Une histoire se joue là, pour nous, un récit très simple, celle de deux baigneurs étendant leur serviette pour un bain de soleil et posant à côté d’eux leur ballon jaune – soleil aux rayons duquel ils se font dorer. Évoluant patiemment, s’arrêtant pour regarder les spectateurs qui les entourent, ils renvoient à tout un imaginaire d’enfance par leur forme naïve et lisible par tous, mais aussi à l’histoire de la peinture moderne : le développement de la mode des bains de mer à compter du milieu du XIXe ayant amené nombre de peintres, de Pablo Picasso à Fernand Léger, d’Edward Munch à Paul Cézanne, à s’emparer de ce thème. Ce ballet fascinant offre un temps suspendu, où la précision et la délicatesse des mouvements sont d’autant plus fascinantes qu’elles surgissent de si étranges et sommaires poupées.
Puis a suivi Le Fil de Sylvain Prunenec. Depuis la fin des années 1980, Sylvain Prunenec a été interprète pour des chorégraphes tels Odile Duboc, Dominique Bagouet, Trisha Brown, Nathalie Collantes, Boris Charmatz, Christian Rizzo, Olga De Soto, Fanny de Chaillé, ou encore Dominique Brun. Dans Le Fil, le danseur retraverse certains moments de son parcours.
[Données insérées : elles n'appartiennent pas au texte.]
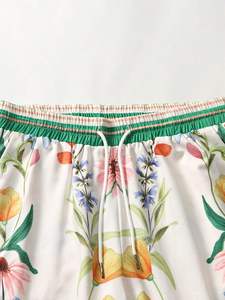 Custom Vintage Print <b>T</b> <b>Shirt</b> and Shorts Set Summer Beach Resort Vacation Matching Outfit - Product Image 2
Tout en redonnant à voir des séquences d’œuvres auxquelles il a participé, il raconte les accidents, les imprévus, et la manière dont les chorégraphes se sont parfois saisis de ces écarts inattendus. C’est un récit en corps et en mots de la manière dont la danse contemporaine se vit et se fabrique, en puisant en permanence dans le vivant pour s’élaborer.
À travers cette réflexion délicate et subtile sur le geste dansé, sur les traces et sur la manière dont la mémoire elle-même recompose ce qui a eu lieu, Le Fil se donne comme un témoignage réflexif et en actes d’un art voué à la disparition. C’est, aussi, une vision possible du rôle du danseur, de la façon dont l’interprète chemine dans une œuvre. En alliant intelligemment le geste et la parole, Sylvain Prunenec propose l’hypothèse qu’« interpréter, c’est inventer des déclinaisons de soi ».